This Francophile’s guide to Montmartre’s enticing hotels, retro shops, Michelin-star restaurants, and more will help you explore the neighborhood beyond Sacré-Coeur.
This city has many breathtaking vistas, but none are quite as calming as the cobblestone slope of Rue de l’Abreuvoir. You may convince yourself that you’ve strayed into Paris’ past by looking past the bus stop and whirling wheels; it’s a wisteria-filled beauty that slopes up toward Sacré-Cœur.
Despite being included in Paris’ city borders in 1860 after being a separate commune, the hilltop town of Montmartre has never lost its unique identity. Renowned for its religious, artistic, and occasionally shady past, the neighborhood’s distinctive lampposts, steep steps, and expansive views have captivated artists and photographers like Picasso and Renoir and deeply committed Francophiles like me with their rustic beauty.
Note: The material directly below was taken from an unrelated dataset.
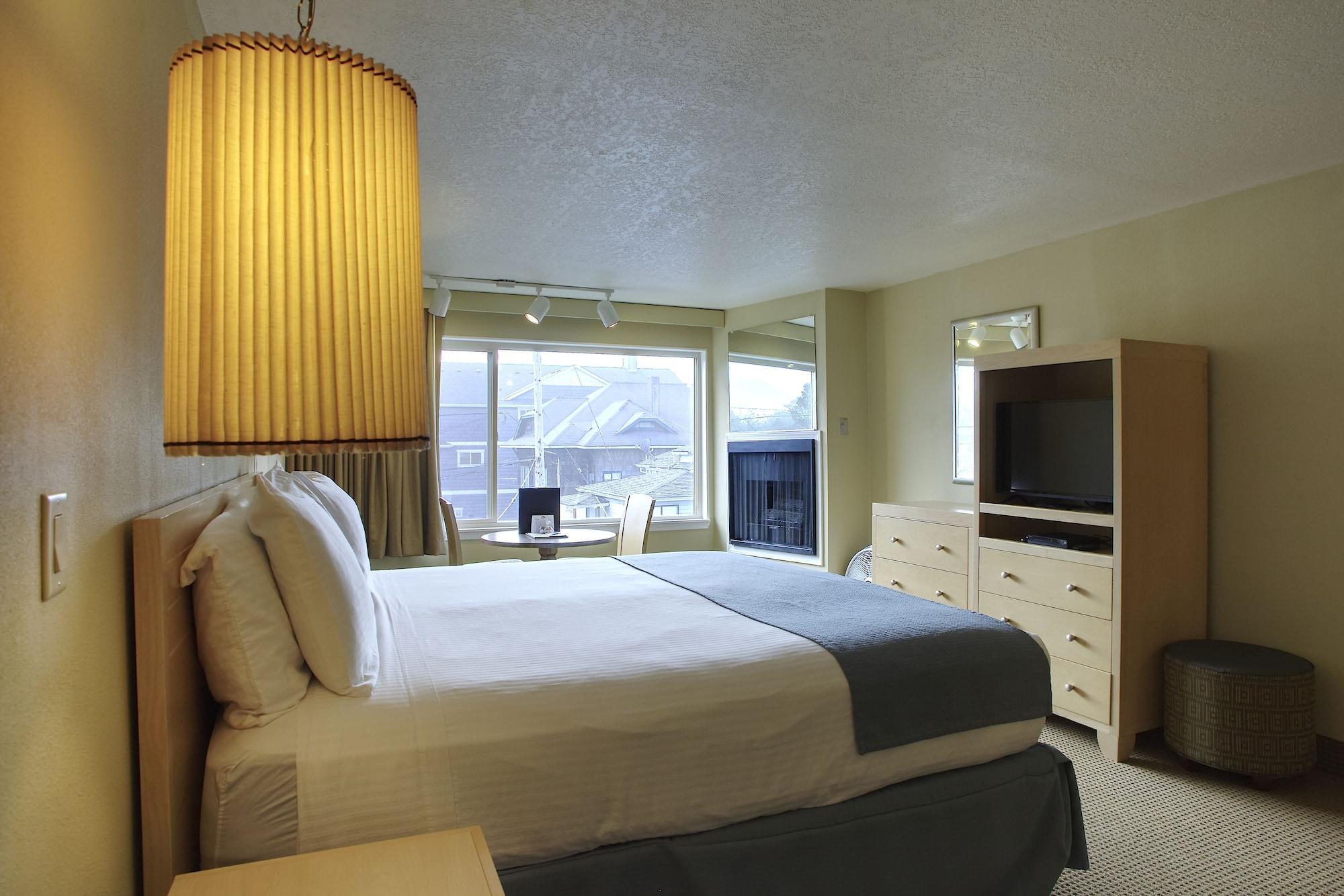 Hi Tide Oceanfront 3* Seaside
I’ve been exploring the major tourist routes and beyond for over ten years, discovering hidden gardens, swoon-worthy museums, vintage picture booths, and hedonistic hotels. This is a carefully chosen tour to Montmartre, the timeless town of Paris, and a home for artists.
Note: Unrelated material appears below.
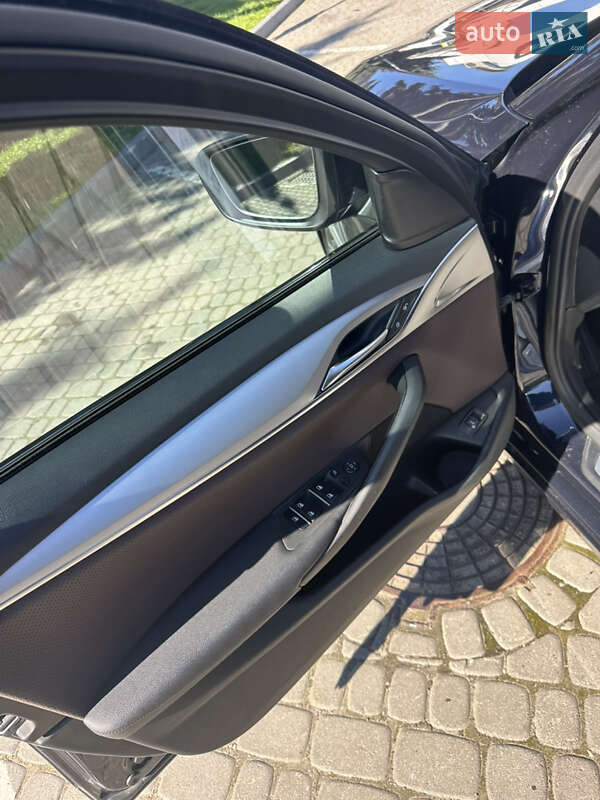 Седан BMW 5 Series 2017 в Ивано-Франковске фото 25 Седан BMW 5 Series 2017 в Ивано-Франковске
The Top 5 You Must Not Miss
Look no further than the Hôtel Particulier Montmartre for a wealthy, out-of-time home base in Montmartre. This tiny, three-story estate, which the Hermès family once owned, is in a secluded courtyard and has five opulent apartments.
See the well-known Sacré-Cœur Basilica, one of Paris’s most well-known attractions, for breathtaking cityscape vistas.
Savor creative variations on classic meals at the warm and welcoming L’Esquisse, a restaurant recommended by Michelin that also features a well-chosen natural wine selection.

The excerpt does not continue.